$24.99
Laboratory 5
Objective
• Implement Naïve Bayes classifiers from scratch
• Implement common evaluation metrics
(Note: “Implementation from scratch” means “not relying on any pre-implemented machine learning libraries”, but libraries such as NumPy, Pandas and SciPy can be used.)
Naïve Bayes classifier
Review the Naïve Bayes classifier theory and implementation technique in Lecture 5. Develop a Naïve Bayes classifier as an email filter in Python. Namely, the classifier predicts whether emails are ordinary or adverts.
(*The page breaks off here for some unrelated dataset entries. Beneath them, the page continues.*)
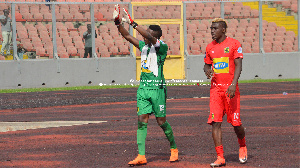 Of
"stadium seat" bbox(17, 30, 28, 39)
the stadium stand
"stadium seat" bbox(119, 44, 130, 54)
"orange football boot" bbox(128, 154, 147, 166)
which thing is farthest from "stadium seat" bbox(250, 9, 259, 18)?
"orange football boot" bbox(128, 154, 147, 166)

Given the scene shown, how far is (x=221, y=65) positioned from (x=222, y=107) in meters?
0.55

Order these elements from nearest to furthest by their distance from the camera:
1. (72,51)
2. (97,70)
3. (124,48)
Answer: (72,51) → (97,70) → (124,48)

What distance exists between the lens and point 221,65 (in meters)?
8.81

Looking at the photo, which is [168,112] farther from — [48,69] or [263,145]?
[48,69]

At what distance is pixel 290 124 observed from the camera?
1377 centimetres

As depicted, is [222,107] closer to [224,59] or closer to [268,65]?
[224,59]

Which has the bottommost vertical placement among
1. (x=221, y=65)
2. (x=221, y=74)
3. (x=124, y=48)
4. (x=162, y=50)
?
(x=221, y=74)

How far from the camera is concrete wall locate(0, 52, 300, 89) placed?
27922mm

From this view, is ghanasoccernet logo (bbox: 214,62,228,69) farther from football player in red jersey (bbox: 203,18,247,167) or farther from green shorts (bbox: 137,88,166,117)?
green shorts (bbox: 137,88,166,117)

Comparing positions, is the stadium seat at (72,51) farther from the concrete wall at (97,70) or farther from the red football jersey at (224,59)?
the red football jersey at (224,59)

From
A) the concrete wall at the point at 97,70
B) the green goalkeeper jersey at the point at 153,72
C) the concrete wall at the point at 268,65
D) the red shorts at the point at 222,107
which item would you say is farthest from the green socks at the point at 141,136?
the concrete wall at the point at 268,65

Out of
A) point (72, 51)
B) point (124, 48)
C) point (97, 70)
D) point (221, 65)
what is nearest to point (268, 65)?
point (124, 48)

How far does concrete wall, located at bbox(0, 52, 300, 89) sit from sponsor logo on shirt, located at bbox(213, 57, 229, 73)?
19.9 m

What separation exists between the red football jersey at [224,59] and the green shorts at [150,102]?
2.48 feet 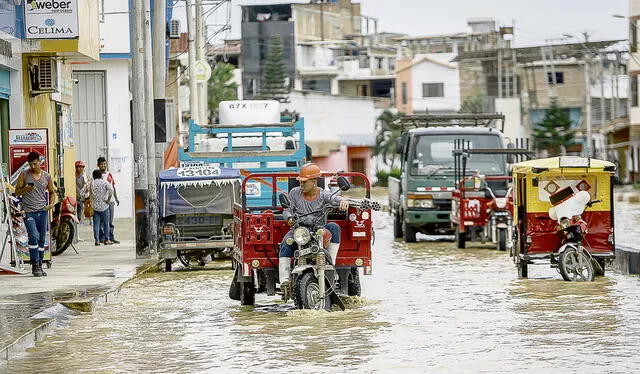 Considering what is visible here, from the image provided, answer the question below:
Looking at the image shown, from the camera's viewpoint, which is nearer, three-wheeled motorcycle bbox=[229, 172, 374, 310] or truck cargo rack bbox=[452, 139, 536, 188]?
three-wheeled motorcycle bbox=[229, 172, 374, 310]

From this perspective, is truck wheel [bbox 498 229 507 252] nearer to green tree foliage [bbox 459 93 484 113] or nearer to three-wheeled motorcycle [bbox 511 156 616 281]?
three-wheeled motorcycle [bbox 511 156 616 281]

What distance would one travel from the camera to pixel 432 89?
115938 millimetres

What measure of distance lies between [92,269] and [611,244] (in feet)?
26.5

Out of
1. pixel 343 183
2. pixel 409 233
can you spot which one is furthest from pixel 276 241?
pixel 409 233

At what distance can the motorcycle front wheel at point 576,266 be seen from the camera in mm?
19750

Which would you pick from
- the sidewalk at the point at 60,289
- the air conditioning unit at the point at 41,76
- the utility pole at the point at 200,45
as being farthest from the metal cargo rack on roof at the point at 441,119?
the utility pole at the point at 200,45

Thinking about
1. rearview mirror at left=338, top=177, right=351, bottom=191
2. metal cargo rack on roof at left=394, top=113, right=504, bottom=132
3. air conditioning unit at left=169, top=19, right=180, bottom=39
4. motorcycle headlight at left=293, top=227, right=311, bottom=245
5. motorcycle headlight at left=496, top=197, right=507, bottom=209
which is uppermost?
air conditioning unit at left=169, top=19, right=180, bottom=39

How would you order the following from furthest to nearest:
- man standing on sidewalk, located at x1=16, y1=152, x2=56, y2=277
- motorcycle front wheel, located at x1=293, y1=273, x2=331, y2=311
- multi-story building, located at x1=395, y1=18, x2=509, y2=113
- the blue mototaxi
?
multi-story building, located at x1=395, y1=18, x2=509, y2=113 < the blue mototaxi < man standing on sidewalk, located at x1=16, y1=152, x2=56, y2=277 < motorcycle front wheel, located at x1=293, y1=273, x2=331, y2=311

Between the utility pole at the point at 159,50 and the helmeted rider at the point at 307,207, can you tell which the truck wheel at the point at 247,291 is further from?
the utility pole at the point at 159,50

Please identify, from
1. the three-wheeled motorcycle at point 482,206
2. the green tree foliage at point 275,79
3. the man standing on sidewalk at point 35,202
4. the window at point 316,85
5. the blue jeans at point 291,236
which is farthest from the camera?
the window at point 316,85

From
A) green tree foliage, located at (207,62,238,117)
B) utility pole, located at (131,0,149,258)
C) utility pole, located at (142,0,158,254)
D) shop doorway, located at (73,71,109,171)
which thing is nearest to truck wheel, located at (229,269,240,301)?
utility pole, located at (131,0,149,258)

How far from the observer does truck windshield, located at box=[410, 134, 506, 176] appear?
3148cm

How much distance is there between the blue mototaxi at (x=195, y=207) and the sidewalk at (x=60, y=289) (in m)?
0.87

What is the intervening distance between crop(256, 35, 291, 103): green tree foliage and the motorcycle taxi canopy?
217 ft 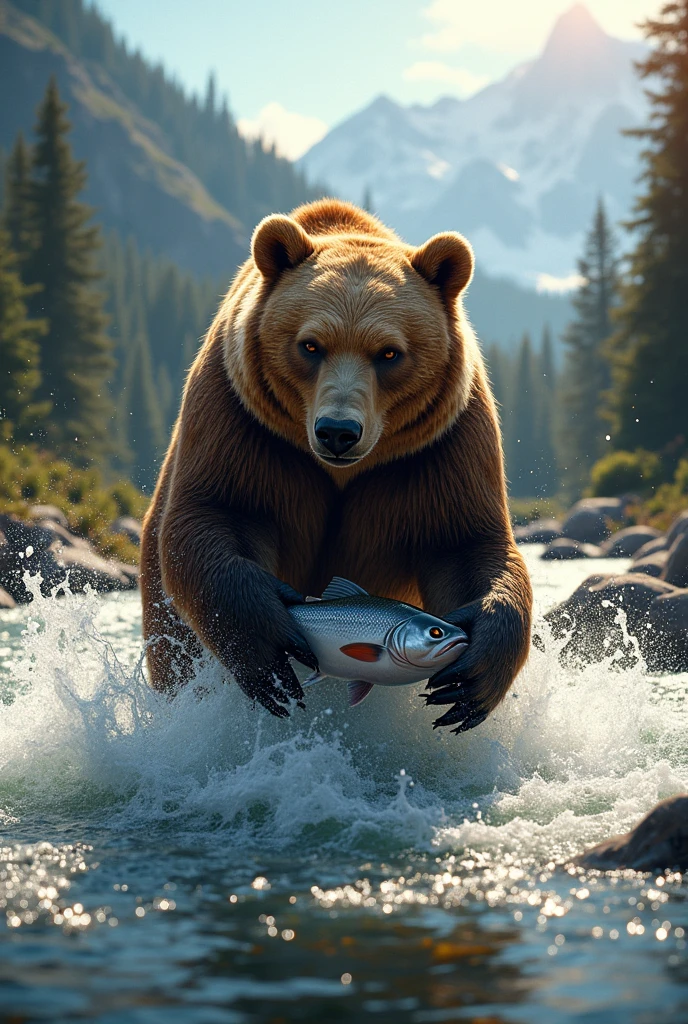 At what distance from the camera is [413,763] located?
5980 millimetres

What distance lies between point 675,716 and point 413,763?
2262mm

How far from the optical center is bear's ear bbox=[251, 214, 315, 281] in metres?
5.49

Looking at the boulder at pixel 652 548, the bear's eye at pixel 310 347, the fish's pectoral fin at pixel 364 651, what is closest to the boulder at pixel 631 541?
the boulder at pixel 652 548

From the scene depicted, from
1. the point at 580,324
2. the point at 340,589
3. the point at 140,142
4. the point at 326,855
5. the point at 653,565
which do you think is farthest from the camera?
the point at 140,142

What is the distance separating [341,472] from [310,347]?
0.62 metres

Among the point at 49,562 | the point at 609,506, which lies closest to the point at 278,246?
the point at 49,562

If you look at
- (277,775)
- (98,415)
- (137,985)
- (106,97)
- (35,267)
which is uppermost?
(106,97)

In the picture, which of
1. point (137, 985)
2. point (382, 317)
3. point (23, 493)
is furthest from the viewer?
point (23, 493)

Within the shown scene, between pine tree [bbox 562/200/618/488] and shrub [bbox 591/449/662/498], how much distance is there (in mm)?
15679

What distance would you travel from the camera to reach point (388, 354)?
5.24 m

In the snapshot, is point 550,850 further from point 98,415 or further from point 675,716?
point 98,415

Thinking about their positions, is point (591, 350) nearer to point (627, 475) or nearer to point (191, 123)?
point (627, 475)

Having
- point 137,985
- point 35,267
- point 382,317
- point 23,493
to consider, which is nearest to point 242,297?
point 382,317

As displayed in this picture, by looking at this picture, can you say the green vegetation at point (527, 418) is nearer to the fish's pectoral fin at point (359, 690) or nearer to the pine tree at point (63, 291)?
the pine tree at point (63, 291) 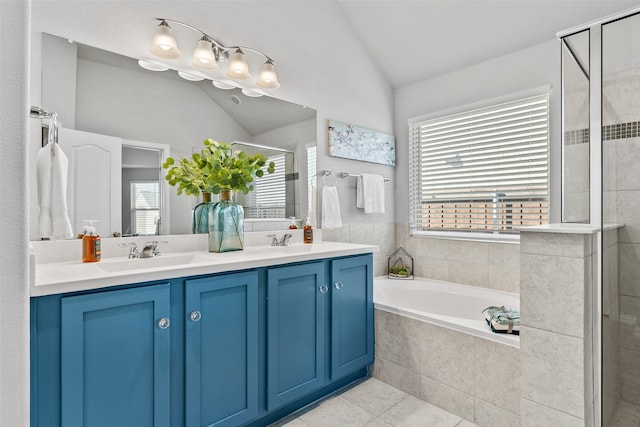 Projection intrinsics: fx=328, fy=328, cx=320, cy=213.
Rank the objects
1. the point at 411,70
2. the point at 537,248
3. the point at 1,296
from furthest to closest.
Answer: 1. the point at 411,70
2. the point at 537,248
3. the point at 1,296

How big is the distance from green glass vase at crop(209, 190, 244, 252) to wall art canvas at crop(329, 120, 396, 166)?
1.09 metres

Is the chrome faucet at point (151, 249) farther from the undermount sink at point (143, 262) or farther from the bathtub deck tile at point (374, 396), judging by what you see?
the bathtub deck tile at point (374, 396)

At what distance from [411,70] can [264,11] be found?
1.48 m

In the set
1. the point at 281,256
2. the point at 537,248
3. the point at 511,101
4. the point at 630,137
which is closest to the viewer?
the point at 630,137

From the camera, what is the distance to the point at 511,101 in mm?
2572

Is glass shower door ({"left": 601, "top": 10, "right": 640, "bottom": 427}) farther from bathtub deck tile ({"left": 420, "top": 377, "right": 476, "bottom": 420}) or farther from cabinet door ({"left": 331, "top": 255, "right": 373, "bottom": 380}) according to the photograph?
cabinet door ({"left": 331, "top": 255, "right": 373, "bottom": 380})

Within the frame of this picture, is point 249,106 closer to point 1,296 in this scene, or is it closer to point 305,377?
point 305,377

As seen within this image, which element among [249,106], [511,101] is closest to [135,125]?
[249,106]

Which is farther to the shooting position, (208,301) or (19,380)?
(208,301)

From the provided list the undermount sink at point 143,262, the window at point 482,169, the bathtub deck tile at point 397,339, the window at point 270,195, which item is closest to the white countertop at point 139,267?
the undermount sink at point 143,262

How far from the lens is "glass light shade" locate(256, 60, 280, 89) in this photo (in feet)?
7.52

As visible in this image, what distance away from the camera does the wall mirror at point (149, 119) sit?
5.25 feet

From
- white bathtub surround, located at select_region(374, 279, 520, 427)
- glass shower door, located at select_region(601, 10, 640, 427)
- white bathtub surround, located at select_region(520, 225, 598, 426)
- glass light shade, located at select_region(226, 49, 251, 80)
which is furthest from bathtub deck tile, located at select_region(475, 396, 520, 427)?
glass light shade, located at select_region(226, 49, 251, 80)

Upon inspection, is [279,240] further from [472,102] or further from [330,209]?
[472,102]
Dataset: Files “wordsList” and “classList” (available in the datasets folder of this assignment on Moodle) The wordsList file contains 72 pre-processed emails. Each line is a list of words extracted from each email. The classList file contains the class labels that indicating whether the emails are ordinary or adverts (0 for ordinary and 1 for adverts).
Requirements
• Use stratified sampling to randomly select 66 out of 72 lines for training and the remaining 6 lines for test. Return the classification probabilities of these 6 records.
• The Naïve Bayesian classifier must account for multiple occurrences of words and implements techniques to overcome the numerical underflows and zero counts.
• Compute the TP/TN/FN/FP and plot the ROC for your classifier.